Sebanyak tiga ribuan pendaftar berebut delapan ratusan kursi PNS di kotaku. Tidak, aku bukan salah satu dari mereka, sehingga aku tidak akan berbicara tentang susahnya melawan empat orang dalam tes CPNS tersebut.
Berbicara soal PNS, akhir-akhir ini setelah ketidaknyamanku di tempat kerjaku aku utarakan ke Ibuku, sontak beliau seperti ikan yang melihat cacing bohay ginuk-ginuk di kail yang aku ulurkan, langsung di sambar dengan tawaran untuk mendaftar menjadi PNS.
Bakat promosinya keluar, rasanya meski tanpa ilmu pemasaran dan tidak pernah menjadi pemasar---dalam artian penjual yang sesungguhnya, beliau amat piawai memberikan gagasan-gagasan untuk menguatkan antusiasmeku agar mendaftar menjadi anggota seragam cokelat padi itu.
Jaminan pensiun adalah hal yang paling diincar saat jadi PNS. Secara umum.
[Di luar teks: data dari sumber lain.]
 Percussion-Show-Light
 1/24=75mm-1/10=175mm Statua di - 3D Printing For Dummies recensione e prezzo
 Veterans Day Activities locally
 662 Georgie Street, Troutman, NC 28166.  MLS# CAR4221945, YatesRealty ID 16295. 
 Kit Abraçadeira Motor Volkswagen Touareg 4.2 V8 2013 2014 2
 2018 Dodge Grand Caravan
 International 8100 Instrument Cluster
Kalau memang sedari awal sudah niatnya mau nakal, pastilah proyek-proyek basah yang menjadi bargaining position pekerjaan tersebut.
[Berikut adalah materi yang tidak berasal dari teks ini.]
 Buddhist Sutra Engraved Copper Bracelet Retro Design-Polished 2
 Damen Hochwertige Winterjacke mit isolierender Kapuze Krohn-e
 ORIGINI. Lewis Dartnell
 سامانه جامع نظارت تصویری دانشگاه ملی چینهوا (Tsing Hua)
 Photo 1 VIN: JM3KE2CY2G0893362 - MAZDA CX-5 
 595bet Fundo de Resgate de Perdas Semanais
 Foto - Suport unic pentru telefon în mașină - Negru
Ketika menjadi PNS, kualitas hidup kita akan meningkat katanya. Gaji bulanan yang lancar, tambahan uang dari proyek, belum lagi lemburan-lemburan dan tunjangan lain yang membuat seisi rekening tidak penuh rayap lagi karena jarang dihuni uang.
Kualitas hidup, sebegitunya kak uang akan mempengaruhi kualitas hidup kita? Memangnya seperti apa hidup yang berkualitas itu?
Banyak uang? Istri di mana-mana? Mobil berbaris sampai parkiran macet? Rumah di setiap komplek elit? Atau pujian dari lingkungan sekitar karena jabatan?
Kalau kamu jeli, mari kita lihat isi hati kamu, siapa orang-orang yang sebenarnya ingin jadi PNS? Kamu atau orang tua kamu?
Kalau jawaban kita sama, yakni orang tua, maka aku punya satu hipotesis yang kuat bahwa alasan yang membuat para orang tua kita begitu getol untuk membuat anak-anaknya menjadi PNS adalah karena didikan masa lalu jaman Suharto. Jaman di mana siapa saja yang menjadi PNS akan banyak uang, dihormati, di elu-elukan oleh masyarakat.
Diinsafi atau tidak, para orang tua kita memang sudah dididik seperti itu sejak dulu kala. Turun-temurun sampai saat ini ke kita. Dan semakin berkembangnya teknologi, dunia menawarkan passion dan kompetensi sebagai alat utama mencapai kesuksesan.
Banyak dari kita generasi milenial atau yang setelah kita memilih untuk menggeluti apa yang sesuai dengan passion dan kompetensi dasar kita yang paling aktus.